We embrace that and we think to some extent that it can accelerate SOA adoption within enterprises. Enterprises we talk to all see the technology the same way we do. They all see the appeal of newer SOA architectures, but I go back to the fact that they have the same issue. They have the whole other set of architectures that they've got to be concerned about maintaining.

So, if they can see a segment of their application stack -- in our case, the governance and control of the global workforce -- that absolutely can be an SOA project that we can jointly embrace and can get them down the road toward this new architectural style.
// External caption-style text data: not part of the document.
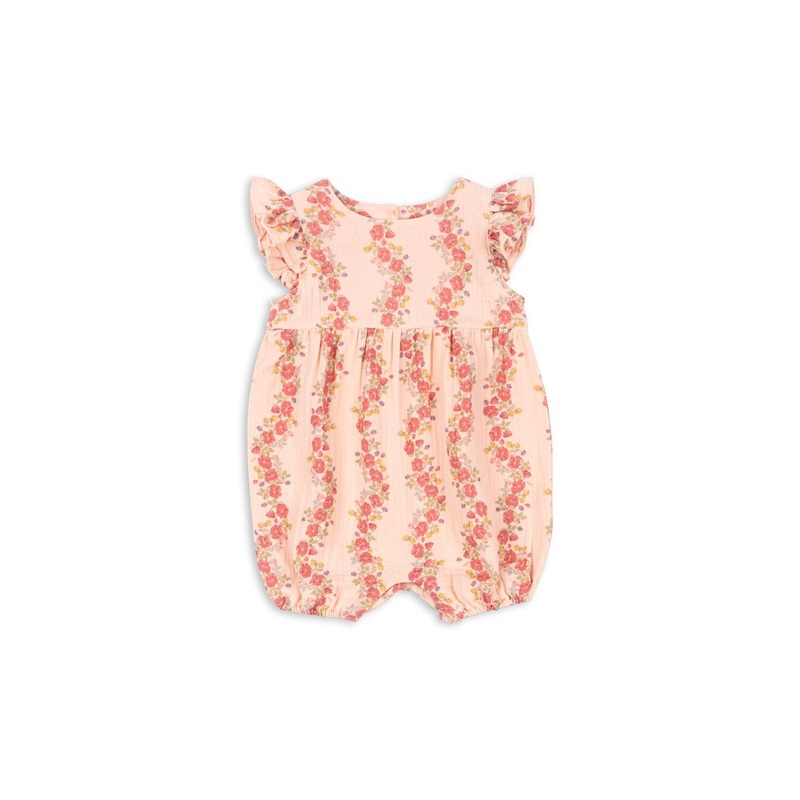 Konges Sljd Coco Frill Romper GOTS-Floria Pink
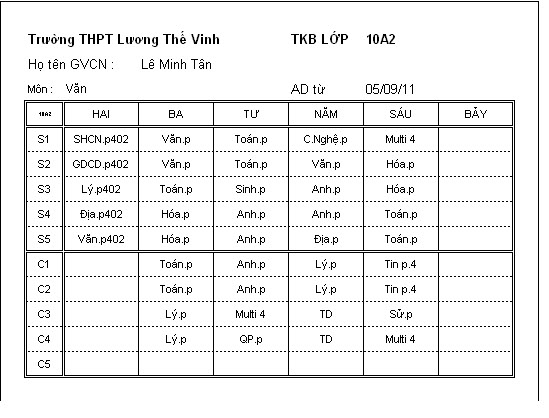 THỜI KHÓA BIỂU chính thức TKB-1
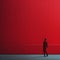 Minimalist Red Wall: Tranquil Scenes And Orderly Symmetry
Gardner: For those of our listeners who might not be familiar, Workday is relatively young. You are only few years old. You're based in Pleasanton, CA. You’re focused on HCM, but why don't you fill that out a little bit. Then, let's also talk about the philosophy that you embraced when you started building out your services. Finally, we'll try to take a look under the hood. So, first, a little bit about Workday and then what you have got supporting your architectures?
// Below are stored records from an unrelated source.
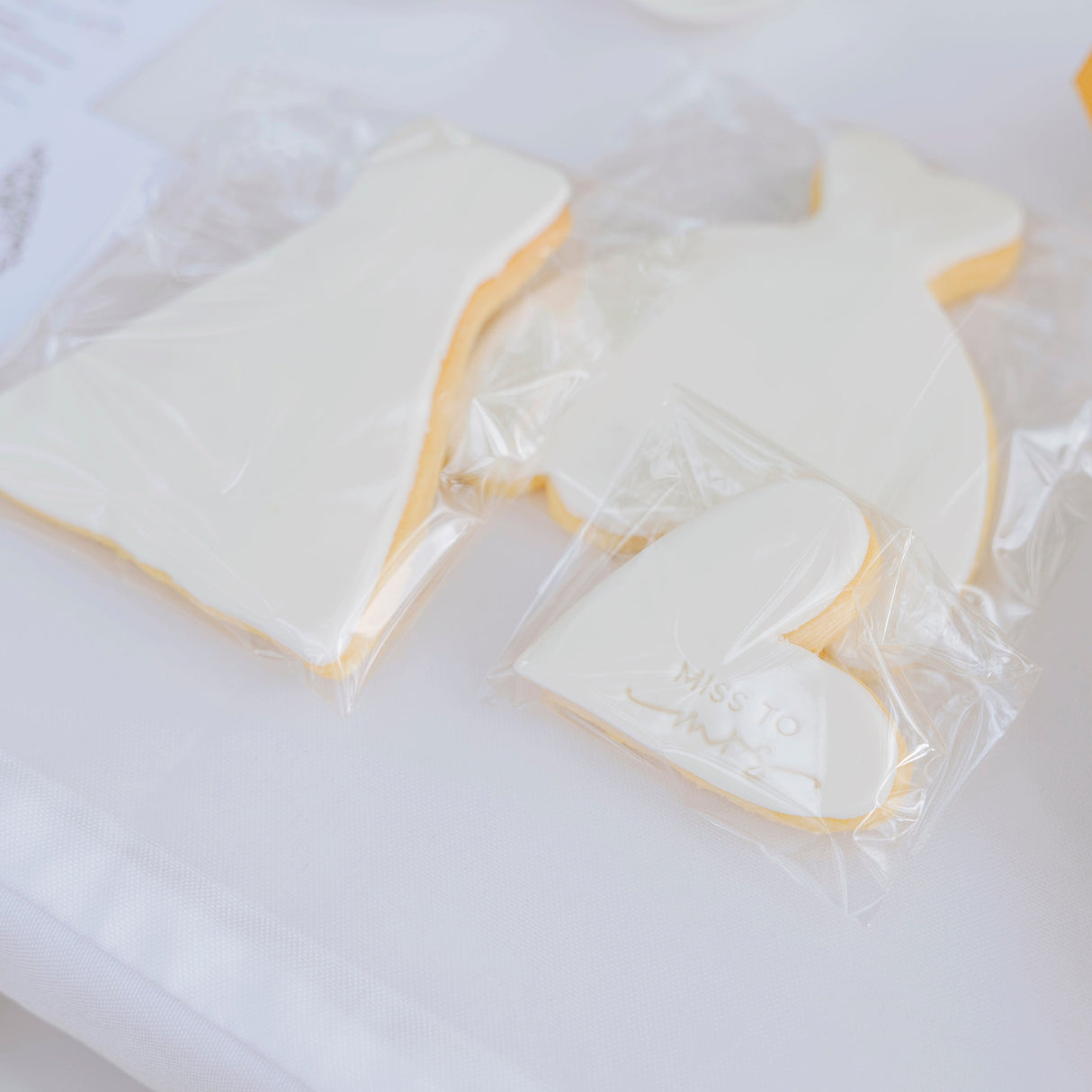 Fondant iced Wedding dress and heart cookies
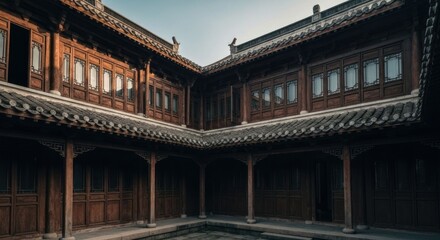 Fototapeta premium Courtyard, dark wood frame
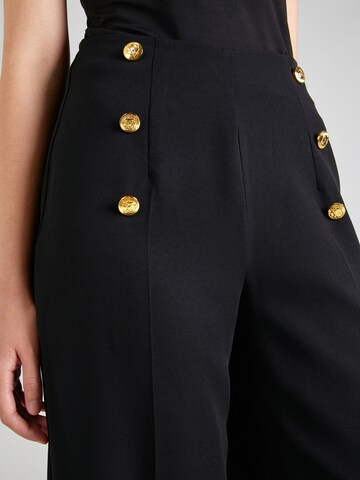 Dorothy Perkins Široke hlačnice Hlače na rob 'Military' | črna barva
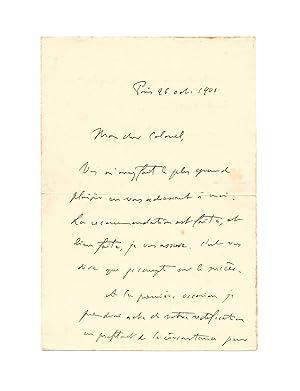 Georges CLEMENCEAU / Lettre autographe signée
Swete: I'm happy to introduce the company a little bit. Workday is about a four-year-old startup, as you said, based in Pleasanton. The company was founded by Dave Duffield, former founder of PeopleSoft, and co-founded by Aneel Bhusri. Basically, the company got together four years ago and began development of its products. We launched publicly in November of 2006 and then we had our first version of our HCM business services and two production customers.

Since then, we've grown the customer base up to north of 75 customers, with more than half of them in production. The idea behind Workday, in addition to being a SaaS company and in addition to focusing on HCM, was to focus on enterprises in a space that we define as the upper mid-market and we started with a focus on companies with between 1,000 and 5,000 employees.

In the past two years, we've had great success in selling not only to that target market, but we've been able to move up market and attract larger customers. Today, the average customer we're engaging is probably closer to 10,000 employees than 1,000. So, we'd say that we service companies in a range between 1,000 employees and 20,000-30,000 employees.

We've even attracted larger customers. Flextronics is the example of our largest customer. There are over 200,000 employees, and have selected Workday as a way to consolidate a number of HR instances that they have around the world.

Gardner: Given the fact that you needed to be modern, you needed to be flexible, but you also needed to scale, what were some of your requirements, and what did you end up with in general terms to make this possible?

Success at a high cost

Swete: Let me back up a little bit and just say the other bit of information to toss in about what was motivating us to start the company was just taking a look at the enterprise solution space and starting to identify some of the complexities of owning and implementing these applications.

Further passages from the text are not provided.